Oh, and one other thing… it looks like there’s a performance bug in the compiler. If you’re loading in memory in fp16 and then converting to fp32 for compute, ptxas tries to be clever and use HADD2 instead of F2F to do the conversion. But on sm_61 hardware this is a 16x slower pathway. On sm_60 hardware this makes a lot more sense since it’s a 4x speedup. I’ve already submitted a bug for this.

Thanks Scott, very interesting results. Do you know what nvidia’s intent was with the dp instructions? Are they going to make an sgemm routine that utilizes this, or are they leaving it to people like you?

I think Nvidia’s intent is pretty clear in that the dp instructions were meant for fast deep learning inference (in both cuDNN and cuBLAS). Google just built dedicated 8 bit hardware for the same purpose. It would be interesting to compare the performance of the two. I would expect google’s chip to be lower power but Nvidia likely has a speed edge. Also, the GPU is likely a lot more general purpose and probably is able to implement a wider range of SOTA networks.

But, it’s an interesting challenge to adapt these instructions for training purposes. There are several recent papers on ultra low precision training that indicates that this is possible (and even desirable for added regularization).

Yes, the Google chip looks interesting as well, but I didn’t think they had said what their intent was.

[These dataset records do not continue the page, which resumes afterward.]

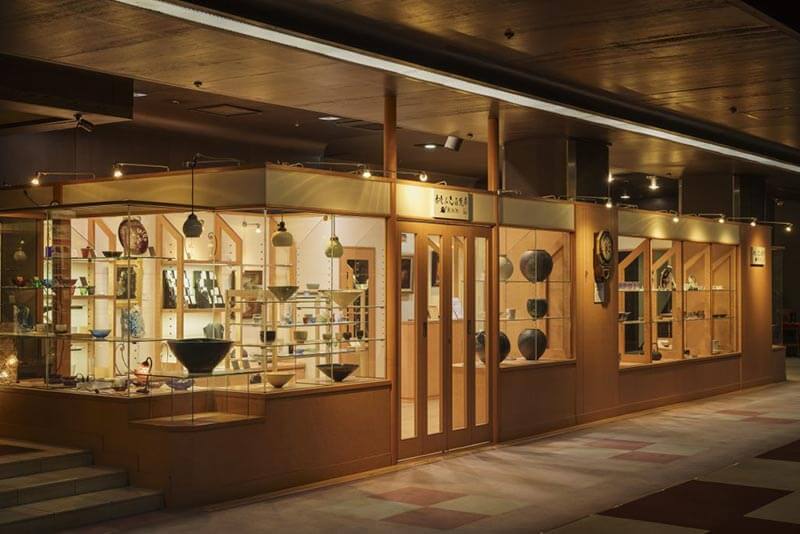 ◇ねじまき百貨店◇地元作家の作品を多く取り扱ったセレクトショップ｜奥道後 壱湯の守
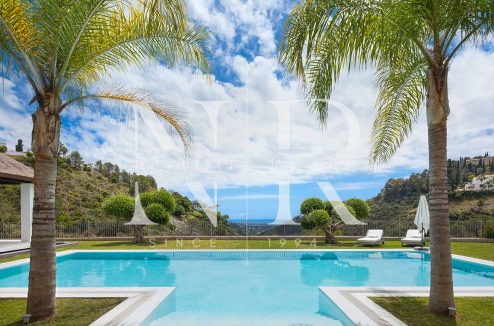 Villa en Urbanización El Madroñal con vistas panorámicas al mar en venta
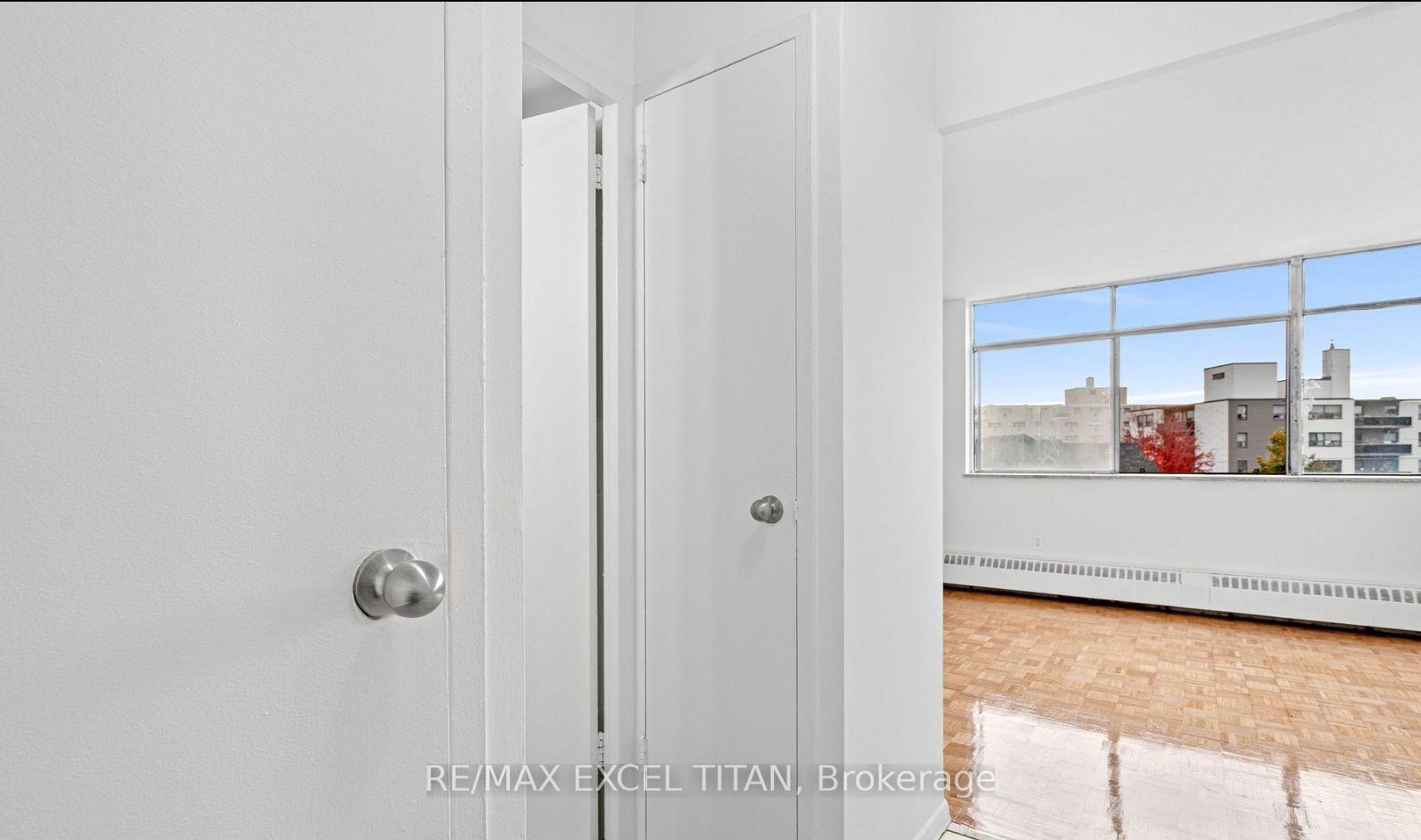 Photo 4 of Unit 409, 2255 Weston Road, North York, Weston — HOMEH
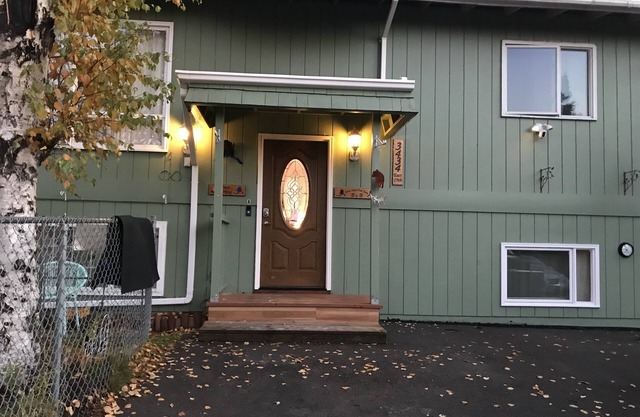 Your AK Home Away from Home in Alaska! Private DOWNSTAIRS/BASEMENT 2 bedroom apt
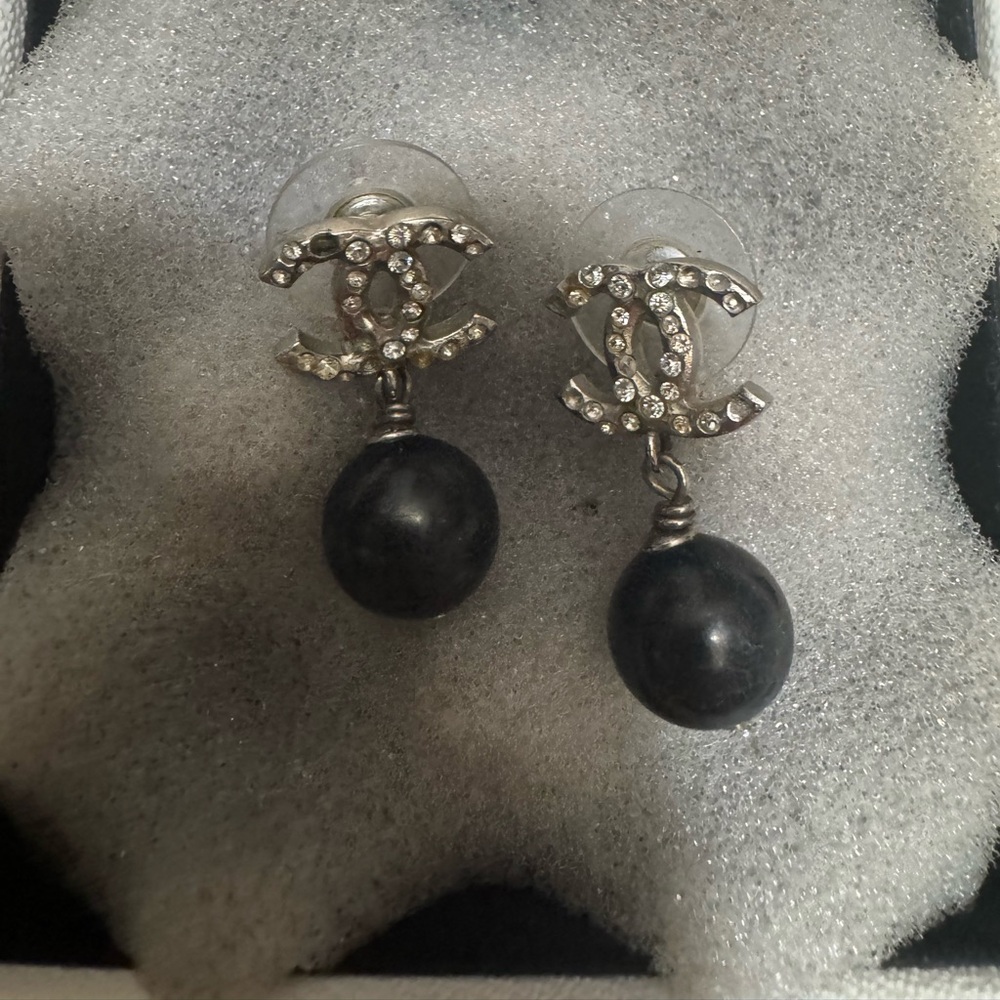 AUT Chanel earing Cc logo pearl silver&Black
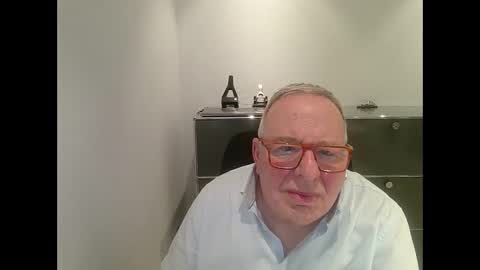 Snapshot of martin_1947 chatting on February 15, 2025, 11:25 pm martin_1947 online show from February 15, 2025, 11:25 pm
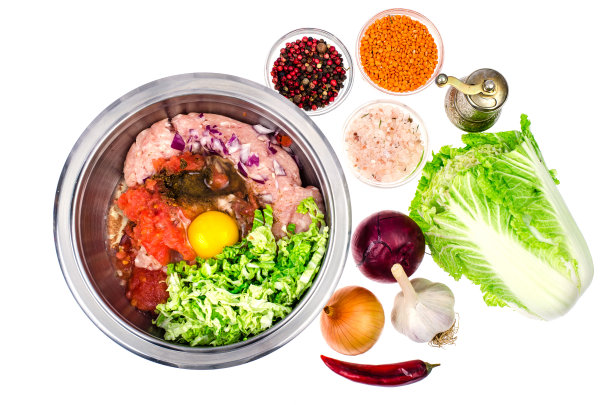 这道菜的配料是切碎的肉和卷心菜图片下载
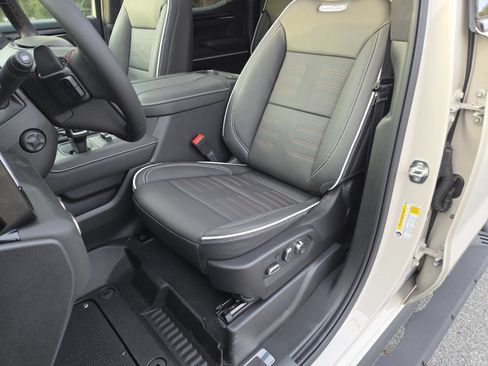 New 2026 GMC Sierra 1500 AT4X AWD/4WD image 35
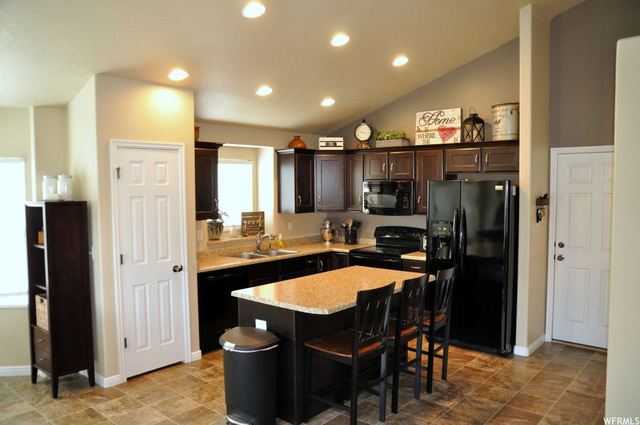 947 E Sam Cir, Clearfield, UT 84015 — photo 2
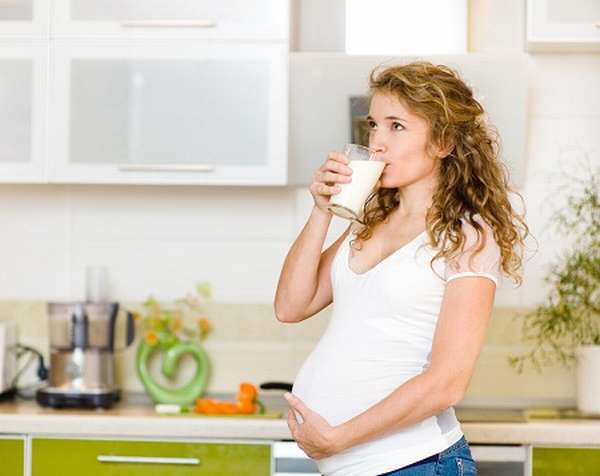 Кефир благоприятно воздействует на организм при беременности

The early reports seemed to indicate that it would only be available for Google’s cloud offering, and you would not be able to buy them outright. It did seem disingenuous when Google claimed a 10x speedup over GPUs when they likely didn’t use pascal as a reference, and certainly not the 8 bit instructions. I don’t believe they announced the process size either, but for the volumes they’re making it seems hard to justify the cost of 14nm, but they may not care at all about cost.

Thanks for the deviceQuery output.
It says that the watchdog kernel timeout killer is enabled. This implies that GP104’s sm_61 does not support compute premption like sm_60’s P100. The P100 whitepaper does promise this for P100 (“both interactive graphics tasks and interactive debuggers can run in concert with long-running compute tasks.”) The GTX 1080 whitepaper discusses preemption in much more detail but does not specifically give the same promise as that lone clear P100 sentence.

It could just be a driver issue, with the hardware supporting the feature but simply not implemented yet.

https://devtalk.nvidia.com/default/topic/938369/cuda-programming-and-performance/cuda-8-errors-when-using-two-1080-gpus-in-multithreading-way/post/4889786/#4889786

Here’s the devicequery using CUDA 8.0 RC’s devicequery. Devicequery from CUDA 6.5 doesn’t support it properly and should be ignored.

Ah, that report does NOT list the watchdog killer enabled. That’s promising, though it may just be that the display at the time was using an IGP and not the GTX 1080.

I’m still wondering if there is a lone fp16x2 unit or if the operations are being emulated/microcoded with ~10-11 fp32 conversion and math ops?

If HFMA2(a,b,c) and HMUL2(a,b) run at the same rate then it’s probably not being emulated.

Hopefully the final CUDA 8.0 docs include an updated throughput table and a Pascal “Tuning Guide”.